* WORK INSTRUCTION: Leave out the pictures and restate the rest of the data exactly.

(Image-backed grounding data)
▬▬▬▬▬▬▬▬▬▬

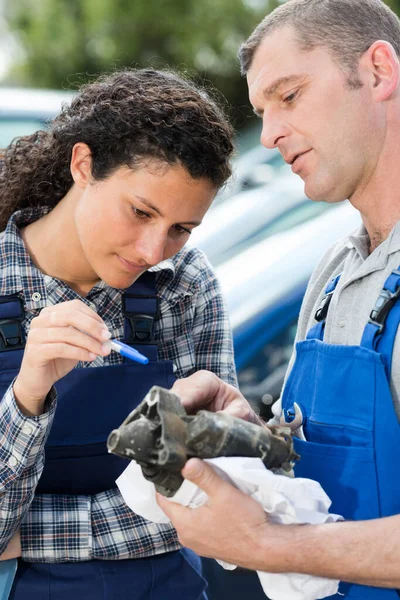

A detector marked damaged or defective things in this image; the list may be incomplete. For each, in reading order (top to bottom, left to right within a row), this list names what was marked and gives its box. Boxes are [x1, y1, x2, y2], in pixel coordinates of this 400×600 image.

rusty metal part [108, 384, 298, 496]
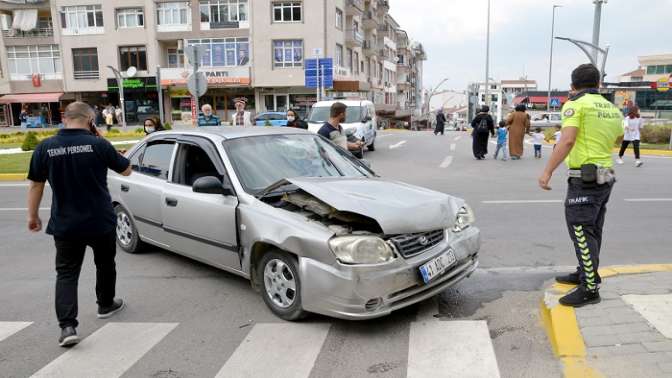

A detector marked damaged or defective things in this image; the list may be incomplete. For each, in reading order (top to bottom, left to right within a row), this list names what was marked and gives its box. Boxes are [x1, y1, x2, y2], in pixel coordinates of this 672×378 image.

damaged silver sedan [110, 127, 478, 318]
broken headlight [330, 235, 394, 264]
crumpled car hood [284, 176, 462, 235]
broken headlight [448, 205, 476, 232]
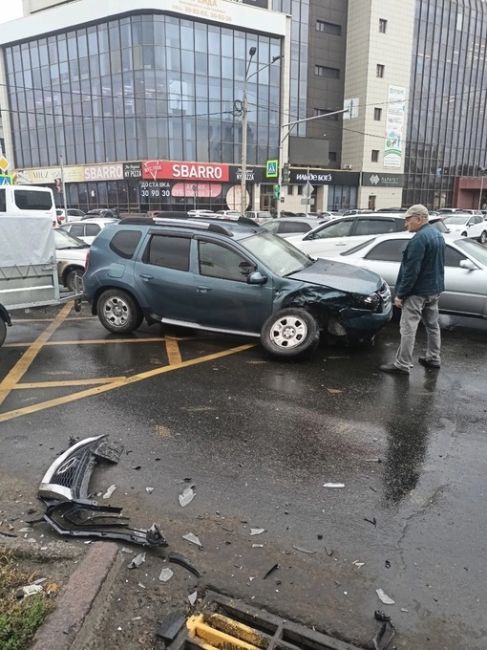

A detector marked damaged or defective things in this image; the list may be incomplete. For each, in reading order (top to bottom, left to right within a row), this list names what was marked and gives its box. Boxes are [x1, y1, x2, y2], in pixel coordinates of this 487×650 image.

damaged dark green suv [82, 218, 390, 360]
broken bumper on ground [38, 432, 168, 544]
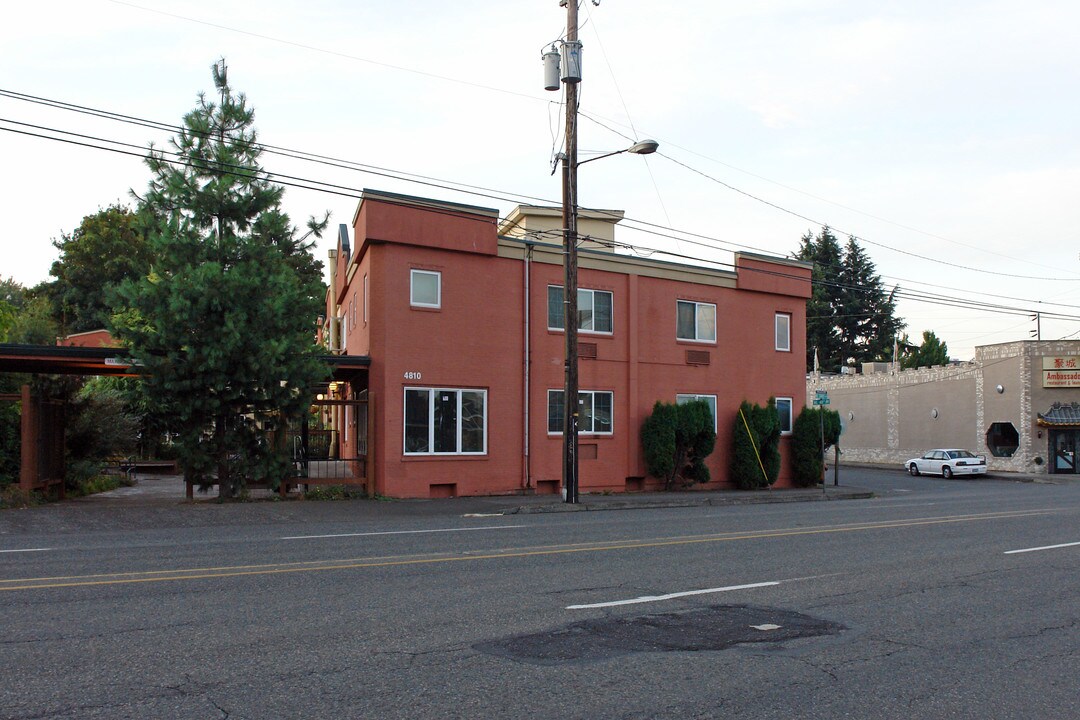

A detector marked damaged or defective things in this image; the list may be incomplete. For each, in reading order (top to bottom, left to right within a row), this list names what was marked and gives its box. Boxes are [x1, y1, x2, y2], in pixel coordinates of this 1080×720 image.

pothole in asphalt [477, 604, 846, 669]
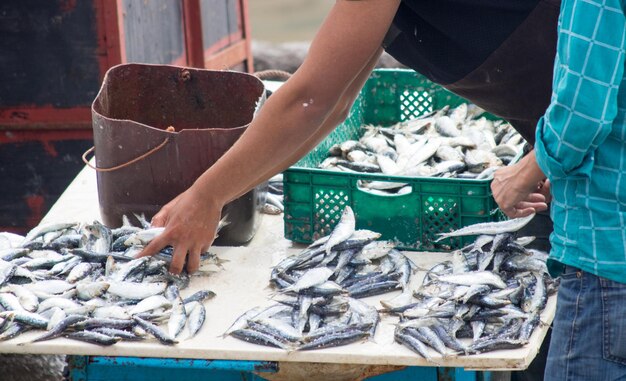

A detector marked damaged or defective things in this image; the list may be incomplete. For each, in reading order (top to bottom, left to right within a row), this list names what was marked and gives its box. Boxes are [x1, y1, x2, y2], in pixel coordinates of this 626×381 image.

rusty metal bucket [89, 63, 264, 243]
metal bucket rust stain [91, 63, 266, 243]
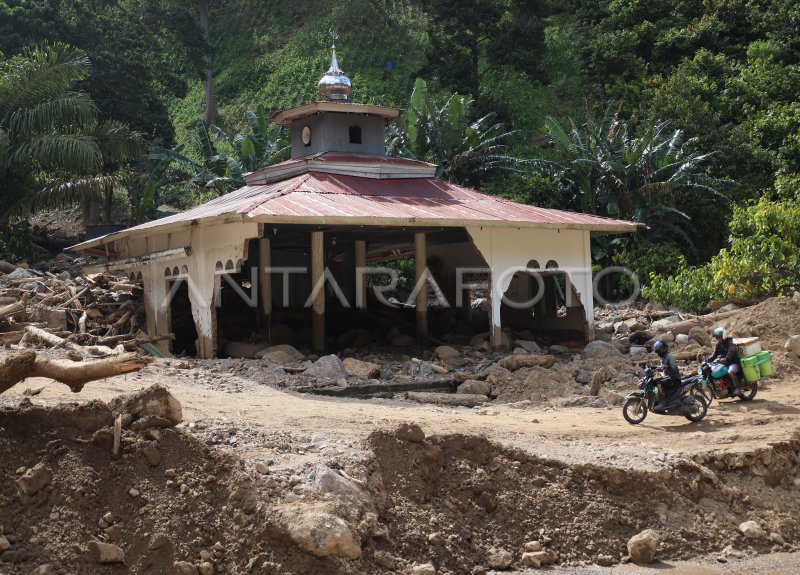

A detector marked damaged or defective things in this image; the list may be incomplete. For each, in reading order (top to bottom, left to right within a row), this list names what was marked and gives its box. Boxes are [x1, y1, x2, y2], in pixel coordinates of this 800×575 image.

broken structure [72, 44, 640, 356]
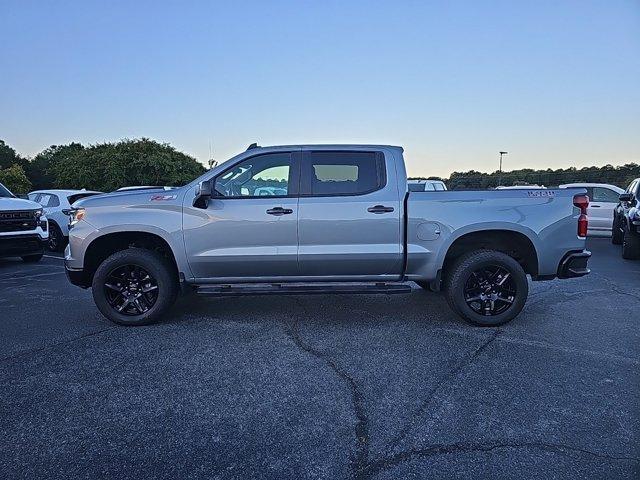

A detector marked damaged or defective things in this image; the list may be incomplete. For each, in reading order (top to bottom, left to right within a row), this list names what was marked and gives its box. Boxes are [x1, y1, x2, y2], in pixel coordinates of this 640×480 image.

▬▬▬▬▬▬▬▬▬▬

* RESPONSE:
A detector marked damaged or defective things in this image; the list may be incomplete. For each, in reading order (top to bottom, left to right within a row), this list names what was marked and gives its box. Boxes are [x1, y1, x2, y2], in pixel coordinates of this 400×600 image.

rusty metal part [108, 384, 298, 496]

A detector marked damaged or defective things in this image; the list may be incomplete. For each, in reading order (top to bottom, left to right within a row), this list names what was marked and gives its box. Boxes are [x1, y1, x2, y2], in pixel coordinates of this 672×378 image.

damaged silver sedan [110, 127, 478, 318]
broken headlight [330, 235, 394, 264]
crumpled car hood [284, 176, 462, 235]
broken headlight [448, 205, 476, 232]

A detector marked damaged or defective things in this image; the list may be incomplete. For each, in reading order (top to bottom, left to right within a row), this list names what was marked and gives its box. Boxes are [x1, y1, x2, y2], in pixel coordinates of this 487×650 image.

damaged dark green suv [82, 218, 390, 360]
broken bumper on ground [38, 432, 168, 544]

A detector marked damaged or defective things in this image; the list may be incomplete. For each, in reading order (top to bottom, left to right within a row), this list names what was marked and gives its box. Boxes are [x1, y1, x2, y2], in pixel coordinates of this 1080×720 image.

pothole in asphalt [477, 604, 846, 669]

A detector marked damaged or defective things in this image; the list may be incomplete. For each, in reading order (top to bottom, left to right within a row), this list names what was marked and gives its box. Boxes are [x1, y1, x2, y2], in pixel coordinates of this 626×381 image.

rusty metal bucket [89, 63, 264, 243]
metal bucket rust stain [91, 63, 266, 243]

A detector marked damaged or defective things in this image; the list may be incomplete. For each, in reading order (top to bottom, left to right within a row), this list names what was marked and gives its box. Boxes are [x1, y1, x2, y2], in pixel coordinates of this 800×575 image.

broken structure [72, 44, 640, 356]

A detector marked damaged or defective things in this image; the list may be incomplete. For each, in reading order (top to bottom, left to right within a row), this list names what was marked and gives its box. Boxes are [x1, y1, x2, y2], in pixel coordinates of this 640×480 image.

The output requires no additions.